2. Romantismo, o divisor de normas

 

                Pagotto (1998) observa as construções lingüísticas utilizadas na constituição do Império, de 1824, e na constituição republicana, de 1892, dois textos que marcam, portanto, o início e o fim do século XIX. Verificou, no primeiro, o predomínio do uso pronominal proclítico; no segundo, do uso enclítico. No primeiro, a forma “aonde”, em contextos em que a norma culta prescreve “onde”, como ocorre regularmente no segundo. No primeiro, o uso de relativas cortadoras; no segundo, de relativas não-cortadoras. No primeiro, a construção “todo o”, para a quantificação universal; no segundo, essa forma é utilizada sem o artigo.

                A partir desses dados, Pagotto (p. 52) verifica que várias características entre as enumeradas são típicas do português clássico, o que atestaria “o seu caráter de norma culta do período. Por outro lado, muitas delas vieram a ser consideradas no Brasil como formas populares, fora daquilo que é prescrito pela norma culta moderna”. Essa constatação lhe permite sugerir que o século XIX foi o momento em que se processou uma mudança radical na norma culta, momento em que os falantes teriam começado a perceber as formas lingüísticas que deveriam usar na escrita de modo diferente das que vinham utilizando regularmente. Acrescenta, ainda, que não se tratava apenas de formas da escrita em desuso “sendo substituídas por formas da oralidade brasileiras. Elas são substituídas por outras igualmente estranhas ao português brasileiro nosso de cada dia, que continua seguindo o seu percurso de mudanças”.

                A título de curiosidade, SILVA & ANDRADE (1894 [1887]:589) informam que as formas pronominais sem preposição eram preferidas no século XIV, e exemplificam: “mim ouve (R. de S. Bento) = me ouve, ouve A mim.”, tecendo o seguinte comentário: “Note-se pois que os modos de dizer me ouve, me parece, etc., não é, como affirmam os Portugueses – um brasileirismo, que nos tem servido para chacota. Não approvamos, porém, como veremos adiante, essa construcção”*. A seguir, prescreve, para esse ambiente, o uso pronominal enclítico.

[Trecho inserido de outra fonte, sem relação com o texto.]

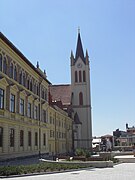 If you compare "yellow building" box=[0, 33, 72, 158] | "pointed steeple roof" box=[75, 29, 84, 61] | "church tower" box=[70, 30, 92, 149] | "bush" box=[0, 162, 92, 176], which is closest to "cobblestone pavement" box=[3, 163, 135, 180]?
"bush" box=[0, 162, 92, 176]

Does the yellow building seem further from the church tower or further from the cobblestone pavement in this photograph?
the church tower

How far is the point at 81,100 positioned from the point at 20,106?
49.2 metres

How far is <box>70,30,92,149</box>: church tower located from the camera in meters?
78.4

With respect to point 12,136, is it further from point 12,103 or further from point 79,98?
point 79,98

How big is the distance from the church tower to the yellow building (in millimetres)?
31975

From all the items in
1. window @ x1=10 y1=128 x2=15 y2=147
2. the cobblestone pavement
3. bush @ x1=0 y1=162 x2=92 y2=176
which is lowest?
the cobblestone pavement

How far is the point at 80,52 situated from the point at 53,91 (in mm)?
13945

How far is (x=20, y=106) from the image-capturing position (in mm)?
32938

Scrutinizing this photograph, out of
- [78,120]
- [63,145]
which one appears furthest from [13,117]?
[78,120]

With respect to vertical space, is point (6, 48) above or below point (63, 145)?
above

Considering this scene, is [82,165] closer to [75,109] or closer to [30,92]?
[30,92]

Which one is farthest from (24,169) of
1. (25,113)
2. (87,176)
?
(25,113)

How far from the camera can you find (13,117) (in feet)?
98.9

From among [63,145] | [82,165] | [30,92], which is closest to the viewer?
[82,165] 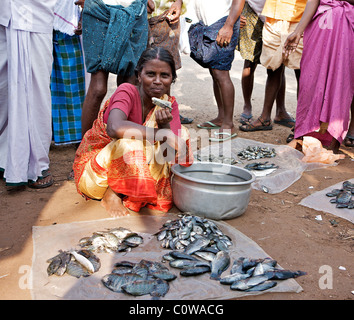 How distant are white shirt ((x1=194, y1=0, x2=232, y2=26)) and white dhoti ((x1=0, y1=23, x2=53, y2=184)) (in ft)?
6.71

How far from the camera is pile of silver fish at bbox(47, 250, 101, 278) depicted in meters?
2.20

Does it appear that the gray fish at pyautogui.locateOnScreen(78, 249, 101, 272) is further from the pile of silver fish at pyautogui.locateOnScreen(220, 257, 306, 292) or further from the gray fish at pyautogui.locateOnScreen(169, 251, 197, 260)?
the pile of silver fish at pyautogui.locateOnScreen(220, 257, 306, 292)

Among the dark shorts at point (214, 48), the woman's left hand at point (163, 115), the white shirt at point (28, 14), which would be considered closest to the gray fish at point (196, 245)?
the woman's left hand at point (163, 115)

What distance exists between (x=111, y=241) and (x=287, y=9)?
3423 millimetres

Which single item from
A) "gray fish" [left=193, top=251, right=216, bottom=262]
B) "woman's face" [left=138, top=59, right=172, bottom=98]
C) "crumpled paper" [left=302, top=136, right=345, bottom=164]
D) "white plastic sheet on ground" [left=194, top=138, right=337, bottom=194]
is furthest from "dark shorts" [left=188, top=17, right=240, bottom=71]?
"gray fish" [left=193, top=251, right=216, bottom=262]

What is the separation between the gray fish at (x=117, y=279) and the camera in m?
2.09

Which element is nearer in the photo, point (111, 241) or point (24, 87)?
point (111, 241)

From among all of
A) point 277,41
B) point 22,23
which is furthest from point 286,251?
point 277,41

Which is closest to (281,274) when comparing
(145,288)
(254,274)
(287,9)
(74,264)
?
(254,274)

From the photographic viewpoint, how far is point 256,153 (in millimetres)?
4328

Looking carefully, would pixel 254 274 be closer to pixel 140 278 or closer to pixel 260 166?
pixel 140 278

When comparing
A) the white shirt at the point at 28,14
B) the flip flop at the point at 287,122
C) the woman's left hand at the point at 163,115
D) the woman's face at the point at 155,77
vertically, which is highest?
the white shirt at the point at 28,14

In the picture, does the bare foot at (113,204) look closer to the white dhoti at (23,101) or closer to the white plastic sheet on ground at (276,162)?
the white dhoti at (23,101)

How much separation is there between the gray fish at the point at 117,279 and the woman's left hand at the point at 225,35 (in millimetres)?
3194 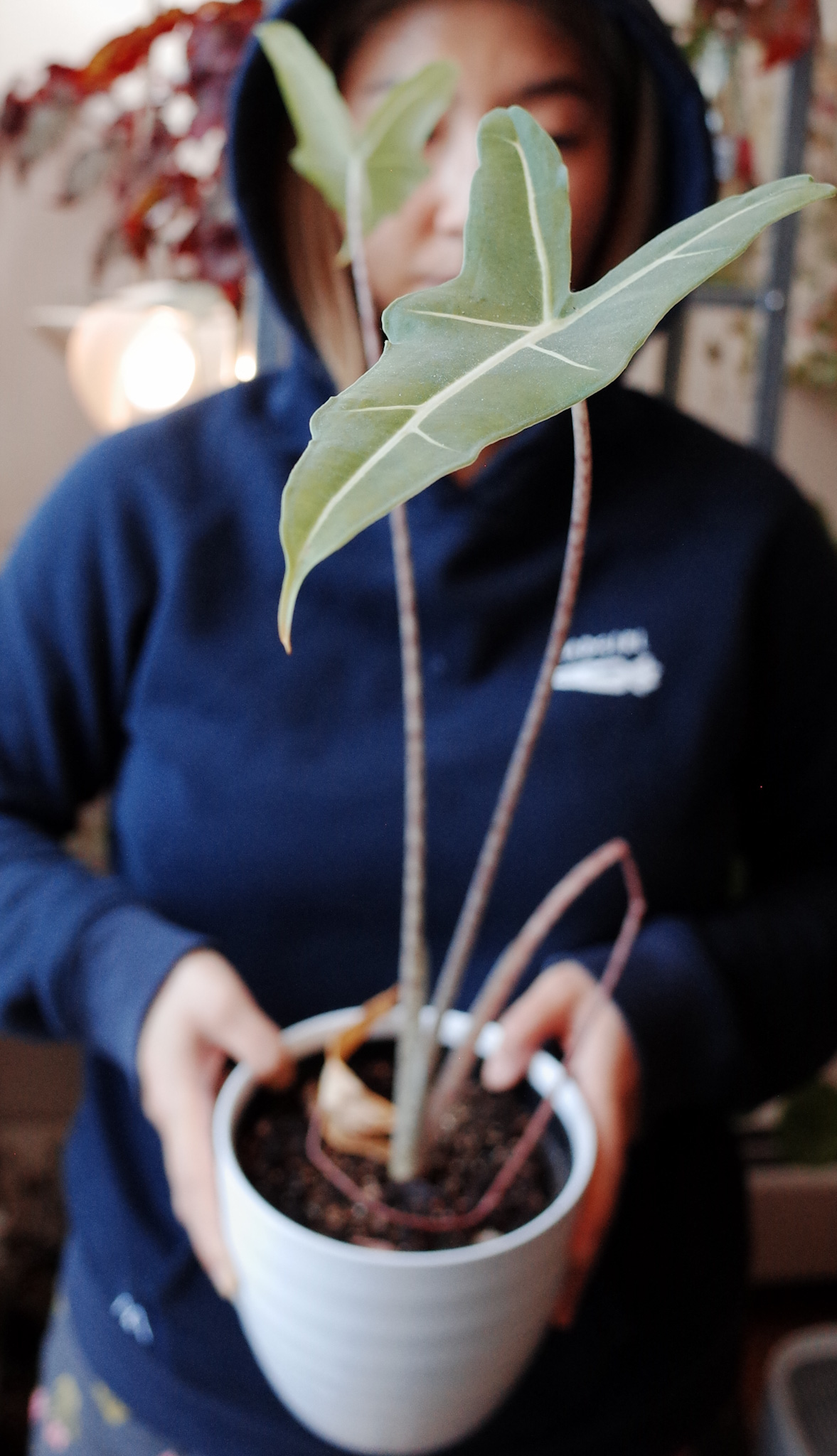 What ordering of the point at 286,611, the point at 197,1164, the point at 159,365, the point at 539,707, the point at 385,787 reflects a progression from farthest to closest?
1. the point at 159,365
2. the point at 385,787
3. the point at 197,1164
4. the point at 539,707
5. the point at 286,611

                A norma prescrita por esse compêndio do final do século XIX deixa perceber que o uso proclítico remonta, em Portugal, a momentos anteriores à colonização brasileira. No momento representado pela gramática de SILVA & ANDRADE (1887), percebe-se, os portugueses já haviam incorporado – na linguagem oral – a construção enclítica, uma vez que criticavam esse “brasileirismo”. Os brasileiros, no entanto, apenas mantinham um uso do Português arcaico, o que revela, por exemplo, ser o Português brasileiro mais conservador que o Português europeu. Os mesmos autores apresentam as seguintes linhas (p. 619):

“O emprego proclítico do pronome, a par da fórma enclitica, data do séc. XII. No XIV é manifesta a preferência pelas fórmas procliticas (quando em relação adverbal ou conjunctiva), e que mais se accentúa e torna-se geral e uniforme, no XV.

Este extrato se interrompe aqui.